画像とテキストを扱う埋め込みモデル(Embedding)の最新ベンチマーク:GeminiやQwenが注目される
本記事は、RAG(検索拡張生成)やマルチモーダル検索の精度に不可欠な「Embeddingモデル」について、2026年4月時点での最新ベンチマーク結果を詳細に分析したものです。特に画像とテキストの両方を扱うマルチモーダルEmbeddingモデルに焦点を当てています。
一般的な評価指標としてMTEBやMMEBがありますが、本記事ではMilvusのページにあるCCKM(Cross-modal, Cross-lingual, Key information, MRL)というベンチマークを参考にしています。このベンチマークには注目度の高いGemini Embedding 2が含まれています。

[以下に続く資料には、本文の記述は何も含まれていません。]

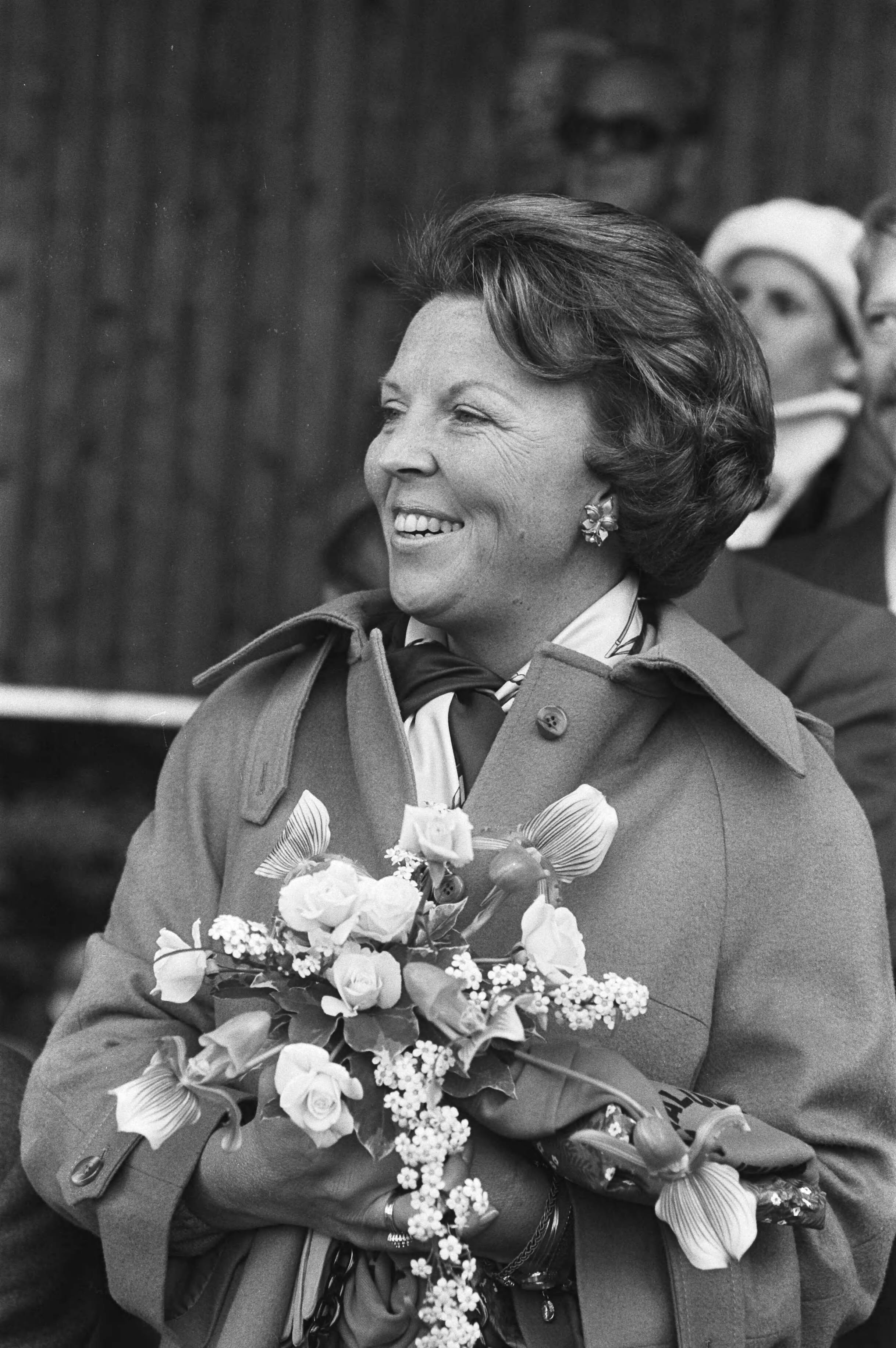 De "Zwaluwen Jeugd Aktie" te Zeist wordt bijgewooond door prinses Beatrix — Prinses Beatrix met bloemen — Foto: Bogaerts, Rob / Anefo. Licentie: Set B: Rechtenvrij / Publiek Domein. Bron: Nationaal Archief. http://hdl.handle.net/10648/acd103bc-d0b4-102d-bcf8-003048976d84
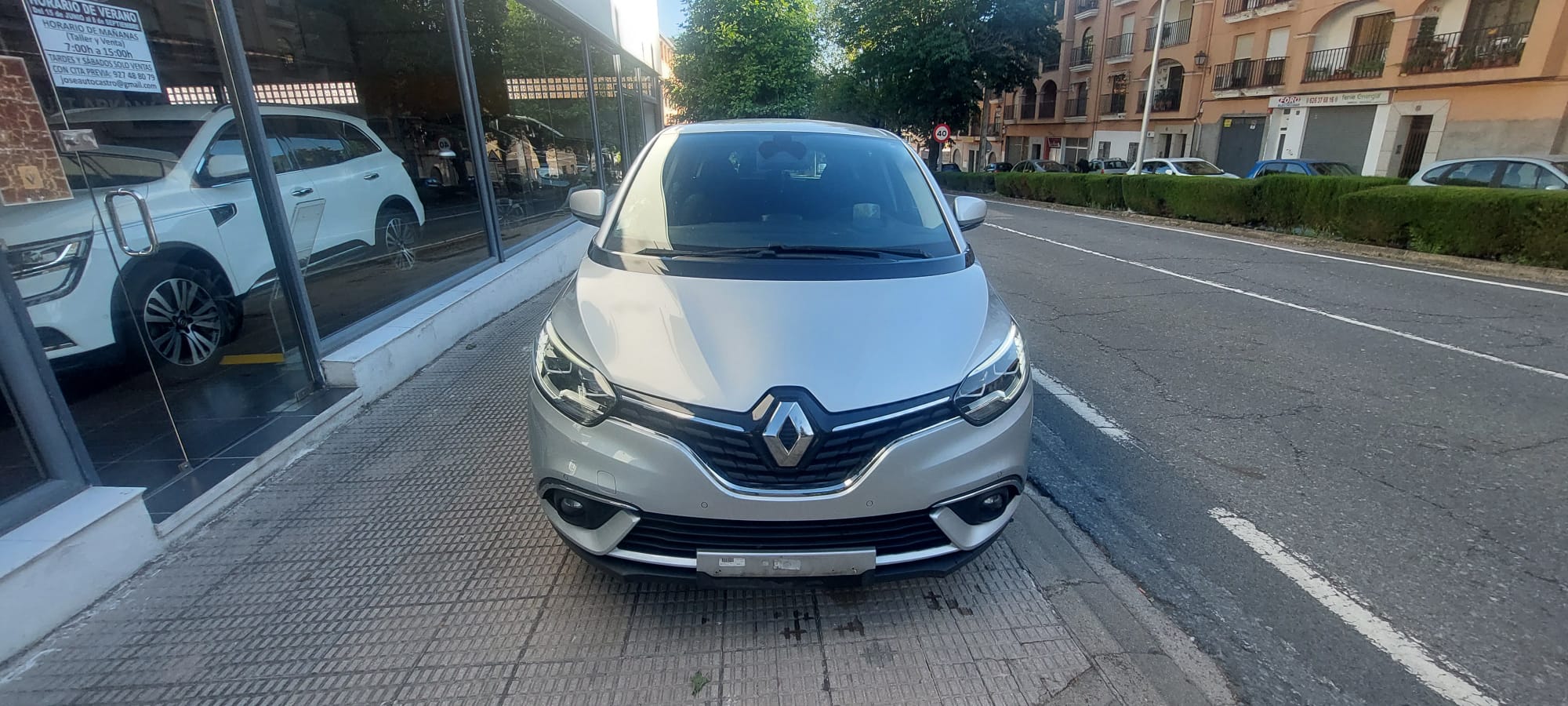 Renault Grand Scenic 1.7 dci 120cv foto 13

テキストと画像を同じベクトル空間に埋め込む比較の結果、Qwen3-VL-2BがR@1スコア0.945でトップであり、次いでGemini Embedding 2(0.928)、Voyage Multimodal 3.5(0.900)の「3強」が確認されました。これらのモデルはそれぞれオープンソース、クローズドAPIという特性を持ちます。
さらに、次元数を落とした際の性能を測るMRL(Matryoshka Representation Learning)の観点では、Gemini Embedding 2が最も優秀な劣化率を示しています。総合評価においても、Qwen3-VL-2BはCross-Modalで最高スコアを記録し、Gemini Embedding 2はCross-LingualやKey Infoで高い性能を発揮しています。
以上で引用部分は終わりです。